■ Problem to work on:
Transcribe the full listing below, word for word, without pictures.

Information supplied Start Marker

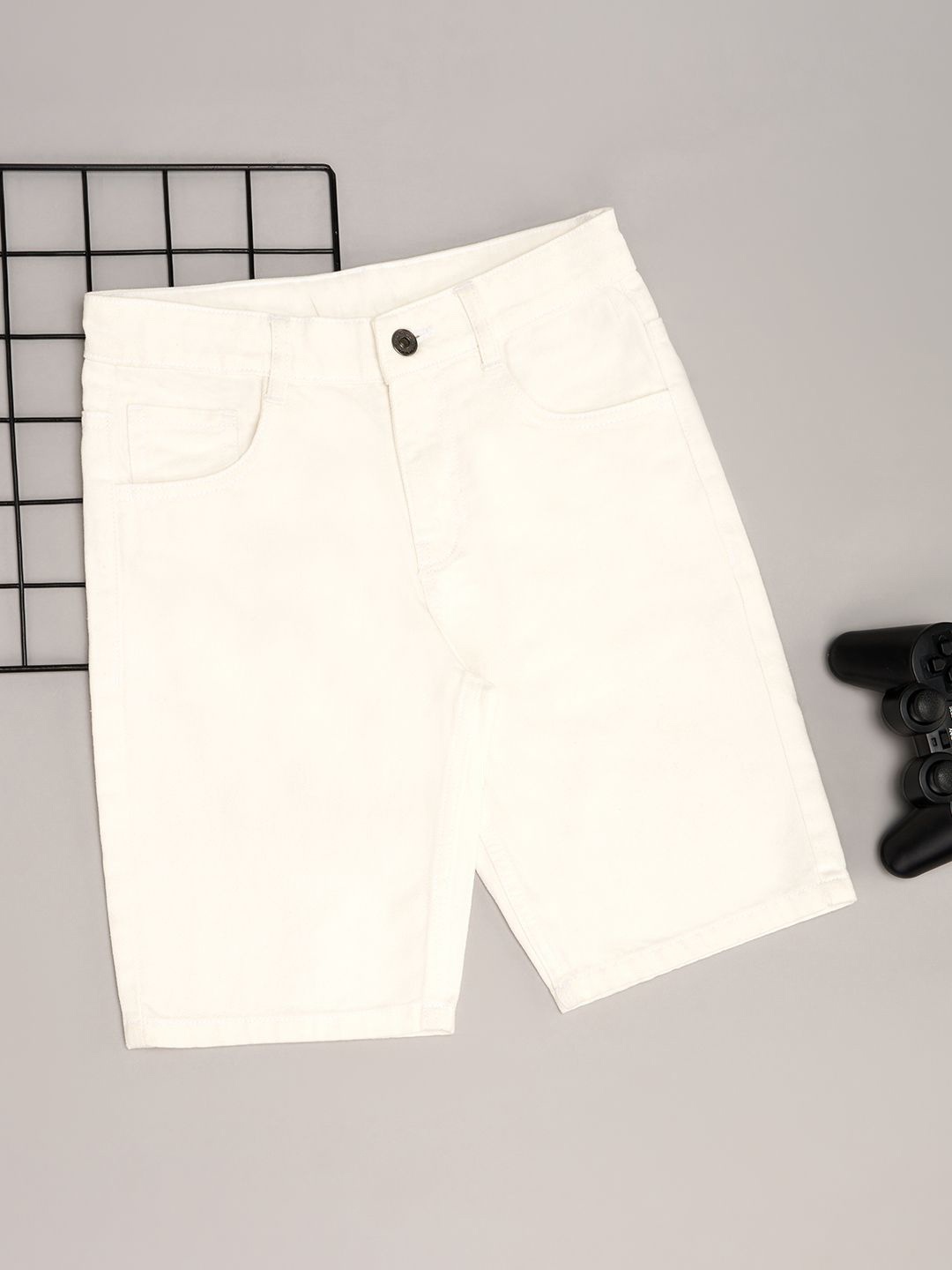 

Pantaloons Junior Boys Shorts, White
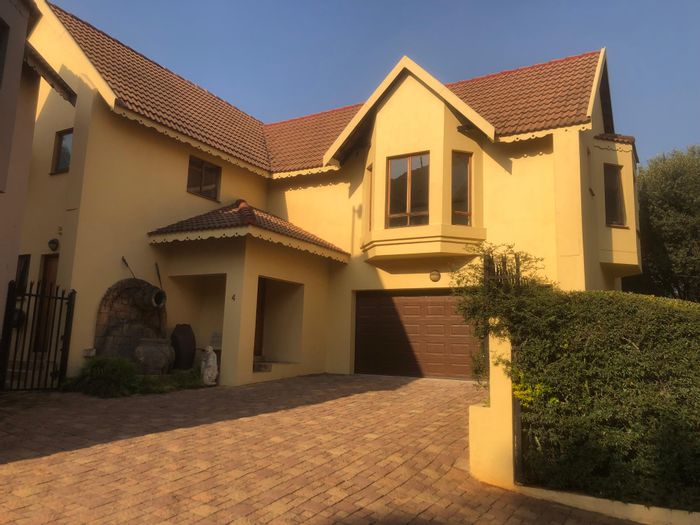 To Rent: House in Clubview with 4 bedrooms, pool, garden, and double garage.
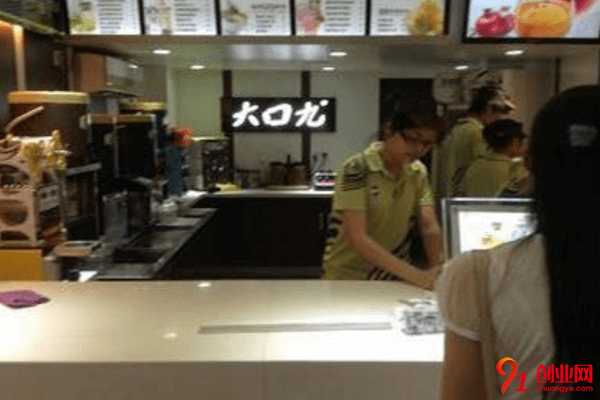 向大家介紹下大口九奶茶加盟店賺不賺錢?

Information supplied End Marker

■ Solution to this problem:
Pantaloons Junior Boys Shorts, White
 To Rent: House in Clubview with 4 bedrooms, pool, garden, and double garage.
 向大家介紹下大口九奶茶加盟店賺不賺錢?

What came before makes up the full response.